What are the different methods for tuning other than using this online tool?
You can tune a ukulele using a variety of tools:
- Vibration-based Tuners: These tuners measure the vibrations created by the strings. They clip onto the headstock of the ukulele and use piezo sensors to pick up the vibrations in the wood when you pluck a string. They are very affordable and accurate.
- Microphone-based Tuners: These tuners use a microphone to capture the sound of the ukulele and then determine its pitch via an algorithm. These are very common and can be found as clip-on tuners, mobile apps, web apps, and more.
- By Ear: Tuning by ear is difficult and not recommended by beginners, but this is a great way to musically train your ears and improve your understanding of pitch. You can check our guide below on how to tune your ukulele by ear.

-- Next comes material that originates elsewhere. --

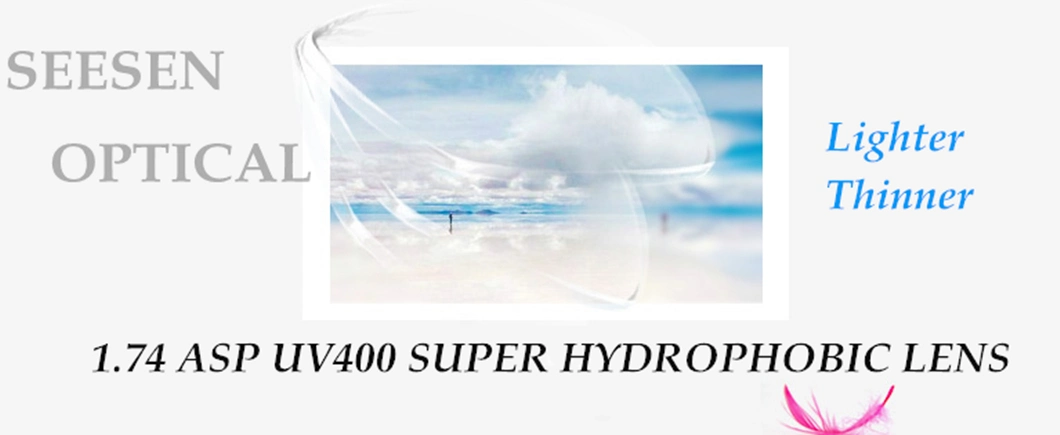 High Index 1.74 Asp UV400 Finished Single Vision Green Super Hydrophobic Shmc Optical Lens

How to Tune Your Ukulele by Ear?
Relative tuning your ukulele by ear is a great way to improve your pitch recognition and musical ability. To tune your ukulele by ear, we must first assume one string to be perfectly in tune. Let’s assume this to be the ‘A’ string.

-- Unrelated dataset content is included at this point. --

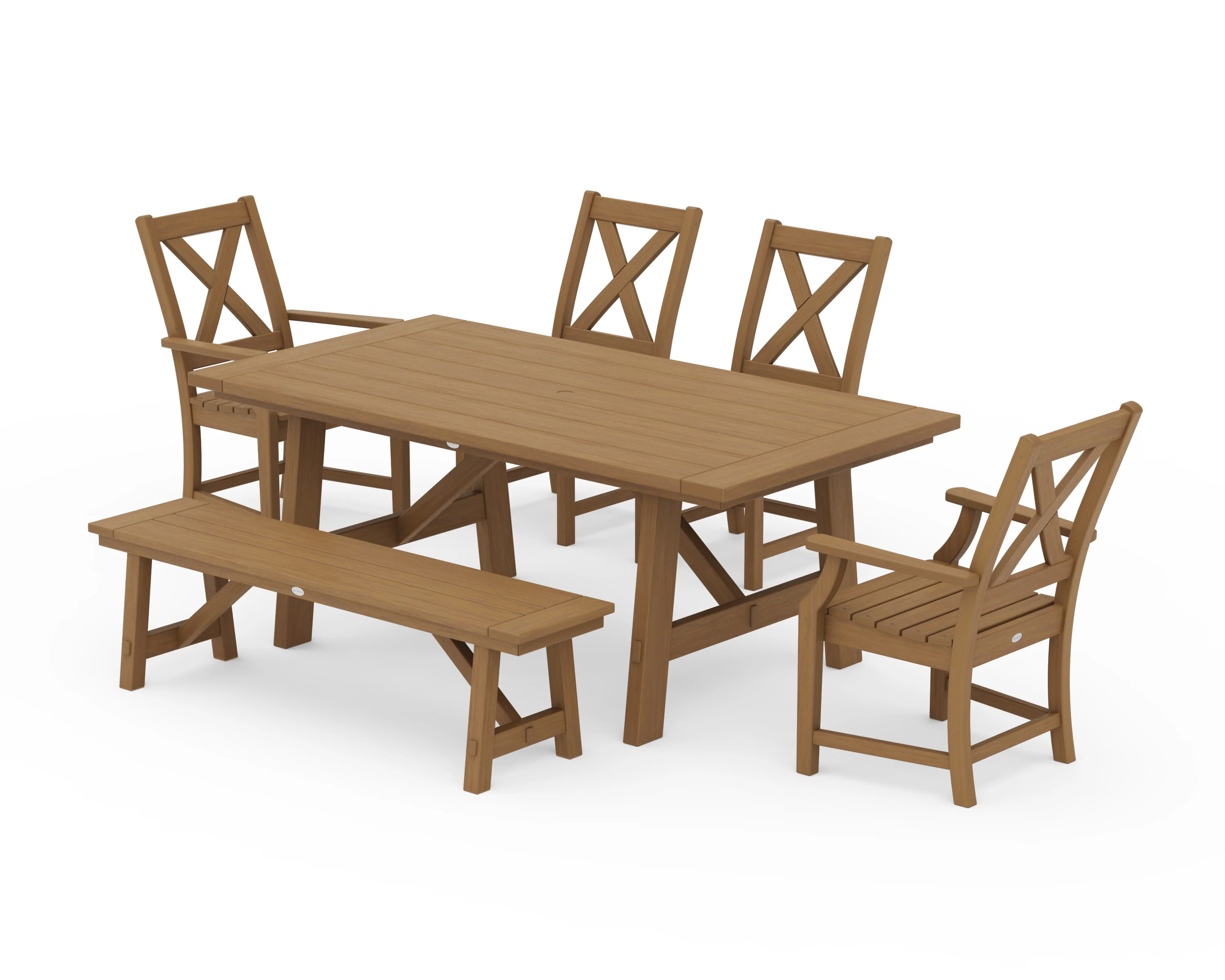 Braxton 6-Piece Rustic Farmhouse Arm Chair Dining Set with Bench - Image 15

For practice, we recommend tuning the ‘A’ string via our online tuner, and then following these steps:
- Start by plucking the E string with your finger on the 5th fret, which should be an A note. Pluck the A string and E string alternately. Adjust the tuning pegs on the E string until it sounds the same as the A string.
- Then put your finger on the 4th fret of the C string - this note should be an E. Pluck the C string and E string, and tune the C string until it sounds the same as the E string.

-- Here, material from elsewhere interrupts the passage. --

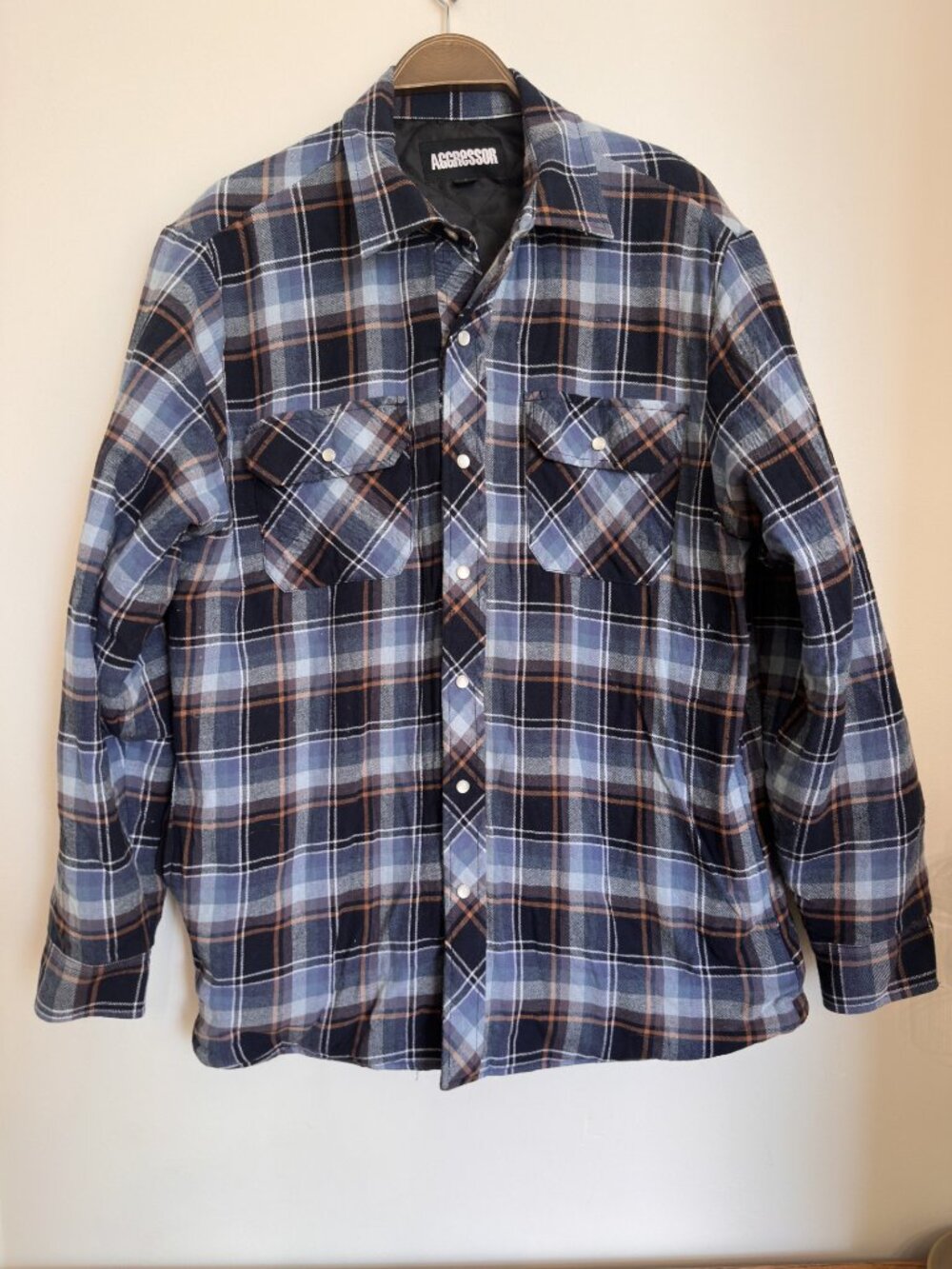 AGGRESSOR MEN'S LARGE BLUE PLAID LIGHT JACKET PEARL SNAPS SIZE LARGE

- Now put your finger on the 2nd fret of the G string. This note should be an A. Pluck the G string and A string alternately, and tune the G string until it sounds the same as the A string.
You can start with any string, and then tune the others. As a reference, here are the frets to play when checking if your ukulele is in tune:
G - 2nd Fret (which equals an A)
C - 4th Fret (which equals an E) and 7th Fret (which equals a G)
E - 3rd Fret (which equals a G) and 5th Fret (which equals an A)
Confused? Check out this video for a better understanding of the process.
If you have any other friends with an instrument, you can try tuning with them. Simply tell them to play the same note as you, and adjust your tuning till you both sound the same and resonate. This method is particularly fun when jamming with some guitarists and keyboardists.
What to do if you can't get your ukulele to stay in tune?
Fret not! Ukuleles can lose their tune over time, just like all other stringed instruments. This happens when the tension in the strings changes due to external factors. A good-quality ukulele is less likely to lose tune as they are constructed better with very sturdy tuning pegs. But here are some tips to make your ukulele stay in tune for longer:
- After tuning the ukulele perfectly, stretch your strings. Simply pull the strings towards you a few times, and let them snap back into place. Repeat this process while tuning the strings to set the correct tension.
- If your ukulele has old strings, consider changing the strings and buying a premium set. Good strings will last longer, sound better, and are likely to maintain their tension and stay in tune.
- Store the ukulele properly when it’s not being used. Fluctuations in temperature and humidity are major reasons for ukes to go out of tune.
- And finally, if your ukulele really won’t stay in tune, consider upgrading to a better model with high-quality tuners. If your model is already great, you can swap the tuning pegs out for new ones too.